Brain: Great workout, here’s some endorphins
Me: Oh nice, I’ll feel good for-
Anxiety: It took you a full minute to figure out the treadmill buttons and I bet people noticed
Me: … that long
“Some people call me the space cowboy, some call me the gangster of love. Some people call me Maurice, cause…”
Barista: I’m writing “Mo”.
What do the films Titanic and 6th Sense have in common?
Icy dead people….. please don’t unfollow me
What if I’ve been finding a new single sock in the dryer and not losing one, all along?
People keep telling me I behave like a man so I’m currently working up the courage to tell my husband he’s gay.
I really wish I could hug some of you and maybe set fire to a few of you.
Dear guy lighting bottle rocket fuses with a cigarette that’s still in your mouth,
You’re going as a pirate for Halloween.
You are not alone 💚
“Ma’am, are you aware that you were going 92 in a 55? I’m gonna need you to step out of the car.”
“Um, I have a boyfriend.”
My cat knocked my phone into the toilet so now I have to shop for a new cat.
Lawyer: do you watch people use the bathroom?
Defendant: no
Lawyer: spell “ICUP”
Defendant: I-C-U-P
Judge: *softly* omg
Jury: *whispering*
Hey! With the intention of somehow making you pay later for cheekily stealing those fries from me
Parenting is being woken up at midnight to answer “mumma if sharks don’t have bones how do they have skeletons?”
If Spiderman gets a lady pregnant, does she have 1 baby, or like 10,000?
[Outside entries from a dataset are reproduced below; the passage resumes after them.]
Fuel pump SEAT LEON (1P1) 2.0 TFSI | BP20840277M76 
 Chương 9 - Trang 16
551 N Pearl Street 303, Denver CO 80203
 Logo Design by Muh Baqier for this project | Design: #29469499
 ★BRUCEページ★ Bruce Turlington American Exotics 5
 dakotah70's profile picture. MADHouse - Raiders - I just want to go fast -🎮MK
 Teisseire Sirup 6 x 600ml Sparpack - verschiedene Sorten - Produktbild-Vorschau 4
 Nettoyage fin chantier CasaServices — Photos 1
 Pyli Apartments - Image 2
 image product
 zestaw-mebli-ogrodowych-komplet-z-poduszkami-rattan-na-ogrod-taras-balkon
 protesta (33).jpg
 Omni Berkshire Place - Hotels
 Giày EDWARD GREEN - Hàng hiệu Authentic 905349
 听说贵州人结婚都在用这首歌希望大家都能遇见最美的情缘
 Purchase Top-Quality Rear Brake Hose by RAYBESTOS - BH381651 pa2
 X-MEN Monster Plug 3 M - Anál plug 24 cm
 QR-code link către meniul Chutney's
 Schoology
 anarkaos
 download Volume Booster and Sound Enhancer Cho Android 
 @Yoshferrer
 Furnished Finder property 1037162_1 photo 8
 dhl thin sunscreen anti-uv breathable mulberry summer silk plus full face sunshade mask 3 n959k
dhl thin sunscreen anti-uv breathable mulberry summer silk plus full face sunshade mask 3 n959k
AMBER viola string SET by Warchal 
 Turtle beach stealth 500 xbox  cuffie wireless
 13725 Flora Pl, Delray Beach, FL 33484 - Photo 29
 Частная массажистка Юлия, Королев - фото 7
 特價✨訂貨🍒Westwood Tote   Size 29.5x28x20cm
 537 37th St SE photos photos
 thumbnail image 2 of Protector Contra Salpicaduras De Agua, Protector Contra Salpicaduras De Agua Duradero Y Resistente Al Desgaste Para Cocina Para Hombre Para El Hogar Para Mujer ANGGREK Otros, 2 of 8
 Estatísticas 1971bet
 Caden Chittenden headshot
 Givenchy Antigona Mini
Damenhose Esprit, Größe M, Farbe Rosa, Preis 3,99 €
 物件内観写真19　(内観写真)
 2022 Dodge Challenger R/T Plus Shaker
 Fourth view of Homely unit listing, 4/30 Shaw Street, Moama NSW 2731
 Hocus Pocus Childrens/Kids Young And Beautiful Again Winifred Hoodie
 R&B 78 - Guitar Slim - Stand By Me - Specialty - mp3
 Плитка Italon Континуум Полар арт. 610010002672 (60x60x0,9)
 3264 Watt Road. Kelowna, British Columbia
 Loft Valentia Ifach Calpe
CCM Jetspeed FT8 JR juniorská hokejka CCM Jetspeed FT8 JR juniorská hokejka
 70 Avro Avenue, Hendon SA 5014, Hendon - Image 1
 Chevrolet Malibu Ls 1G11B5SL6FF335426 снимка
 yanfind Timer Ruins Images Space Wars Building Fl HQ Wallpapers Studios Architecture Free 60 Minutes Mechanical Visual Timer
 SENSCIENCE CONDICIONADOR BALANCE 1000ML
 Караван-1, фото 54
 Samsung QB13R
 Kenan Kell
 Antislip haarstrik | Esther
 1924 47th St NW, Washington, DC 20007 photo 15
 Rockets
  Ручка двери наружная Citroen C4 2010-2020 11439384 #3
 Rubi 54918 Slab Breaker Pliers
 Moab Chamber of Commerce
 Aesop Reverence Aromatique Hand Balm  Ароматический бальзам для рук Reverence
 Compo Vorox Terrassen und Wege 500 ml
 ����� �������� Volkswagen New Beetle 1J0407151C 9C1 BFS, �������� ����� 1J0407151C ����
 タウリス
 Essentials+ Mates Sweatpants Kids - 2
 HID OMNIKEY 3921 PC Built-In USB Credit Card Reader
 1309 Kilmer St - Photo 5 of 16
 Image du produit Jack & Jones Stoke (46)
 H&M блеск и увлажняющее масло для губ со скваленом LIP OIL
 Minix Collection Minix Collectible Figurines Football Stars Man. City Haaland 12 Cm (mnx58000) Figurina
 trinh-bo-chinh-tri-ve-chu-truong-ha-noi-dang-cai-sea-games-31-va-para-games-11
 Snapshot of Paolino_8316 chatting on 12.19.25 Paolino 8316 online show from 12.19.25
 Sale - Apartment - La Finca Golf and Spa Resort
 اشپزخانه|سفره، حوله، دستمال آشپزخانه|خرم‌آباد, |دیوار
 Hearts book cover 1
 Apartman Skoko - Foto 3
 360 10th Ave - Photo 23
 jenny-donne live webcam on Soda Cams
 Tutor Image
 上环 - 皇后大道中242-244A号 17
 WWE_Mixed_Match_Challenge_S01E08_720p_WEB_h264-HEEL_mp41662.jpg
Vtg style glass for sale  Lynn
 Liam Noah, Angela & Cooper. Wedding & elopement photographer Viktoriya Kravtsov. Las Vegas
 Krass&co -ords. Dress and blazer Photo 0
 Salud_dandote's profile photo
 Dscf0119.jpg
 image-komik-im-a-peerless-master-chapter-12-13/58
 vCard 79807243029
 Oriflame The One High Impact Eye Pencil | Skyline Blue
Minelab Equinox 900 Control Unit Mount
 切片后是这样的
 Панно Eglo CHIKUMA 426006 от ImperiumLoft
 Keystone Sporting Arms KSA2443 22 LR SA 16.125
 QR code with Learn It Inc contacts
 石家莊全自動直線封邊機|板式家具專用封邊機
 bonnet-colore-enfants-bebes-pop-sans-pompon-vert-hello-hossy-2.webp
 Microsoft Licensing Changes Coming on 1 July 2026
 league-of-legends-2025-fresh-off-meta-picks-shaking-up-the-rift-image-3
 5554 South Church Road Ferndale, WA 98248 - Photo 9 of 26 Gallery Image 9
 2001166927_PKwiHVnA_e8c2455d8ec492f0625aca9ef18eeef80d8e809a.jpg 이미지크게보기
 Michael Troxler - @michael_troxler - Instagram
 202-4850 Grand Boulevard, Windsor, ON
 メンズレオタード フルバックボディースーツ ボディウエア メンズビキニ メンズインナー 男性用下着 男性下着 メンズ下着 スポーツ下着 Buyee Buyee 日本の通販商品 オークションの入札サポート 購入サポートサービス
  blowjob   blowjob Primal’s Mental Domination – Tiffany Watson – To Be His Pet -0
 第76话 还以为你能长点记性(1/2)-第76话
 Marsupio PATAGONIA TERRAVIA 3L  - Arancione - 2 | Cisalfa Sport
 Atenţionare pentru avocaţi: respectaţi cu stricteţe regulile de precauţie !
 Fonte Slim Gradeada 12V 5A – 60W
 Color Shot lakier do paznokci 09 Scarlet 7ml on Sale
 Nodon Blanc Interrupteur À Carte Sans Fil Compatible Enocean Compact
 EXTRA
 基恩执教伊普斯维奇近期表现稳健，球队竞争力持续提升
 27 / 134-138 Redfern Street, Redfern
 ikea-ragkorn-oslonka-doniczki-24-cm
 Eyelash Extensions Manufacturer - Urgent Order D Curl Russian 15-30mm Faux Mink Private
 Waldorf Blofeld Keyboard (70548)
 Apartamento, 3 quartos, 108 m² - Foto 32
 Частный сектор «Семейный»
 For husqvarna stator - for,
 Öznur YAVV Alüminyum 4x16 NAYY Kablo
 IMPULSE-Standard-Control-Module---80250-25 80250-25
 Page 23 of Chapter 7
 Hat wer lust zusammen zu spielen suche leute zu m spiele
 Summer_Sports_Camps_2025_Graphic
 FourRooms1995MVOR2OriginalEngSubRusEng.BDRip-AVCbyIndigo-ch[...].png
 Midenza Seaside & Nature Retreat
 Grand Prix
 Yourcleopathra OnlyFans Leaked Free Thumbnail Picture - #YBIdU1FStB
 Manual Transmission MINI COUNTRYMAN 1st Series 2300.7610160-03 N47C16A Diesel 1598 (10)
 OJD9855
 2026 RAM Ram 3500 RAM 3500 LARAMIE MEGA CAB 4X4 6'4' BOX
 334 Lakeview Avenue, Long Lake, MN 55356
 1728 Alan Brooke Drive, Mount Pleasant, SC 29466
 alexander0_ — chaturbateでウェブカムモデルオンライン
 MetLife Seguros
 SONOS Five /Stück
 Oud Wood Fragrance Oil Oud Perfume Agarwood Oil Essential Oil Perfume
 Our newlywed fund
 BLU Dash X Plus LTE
think of all the paper we are saving complaining online.
Did you know most countries make you keep your shirt on during all you can eat ribs night?
God: You really should return to Earth
Jesus: *takes bong hit* Tomorrow
God: You’ve been saying that for centuries
Jesus: *exhales*
[1st time at a crime scene]
Cop: What do you think happened?Me: The killer murdered these people by trapping them in these body bags
Cop: um we put them on
Me: Another good theory
When I’m bored in the morning I like to sit one of my boys down, fix them with my dad stare, and say “so….do you maybe have something you’d like to tell me? I’ll give you a little time to think about it”….and then walk away.
Who said parenting can’t be fun?
When I was pregnant and people would ask where I was registered I’d reply:
Pet Smart, we’re crate training this one
I really was gonna jog at the park today….but I just found an empty park bench so I’ll just have a few smokes and cheer the joggers on.
My husband gave me a break by doing the grocery shopping, but he didn’t take the kids with him so, I don’t think he knows how breaks work.
my daughter said “it’s cold, but it’s a beautiful day.” ppl w no bills are so positive.
Me: When I have a rough day, you’re there. When I need to cry, you’re there. Nobody helps me gain 10 pounds the way you do. Cheesecake:
My toddler climbed out of her crib and my first thought was “Why don’t they make some kind of lid or attachment for the top of these things?”
Then I realized thaaaaat’s a cage.
If I’m wrongly accused of a crime, I’m going to prison. I’m way too introverted to have an alibi.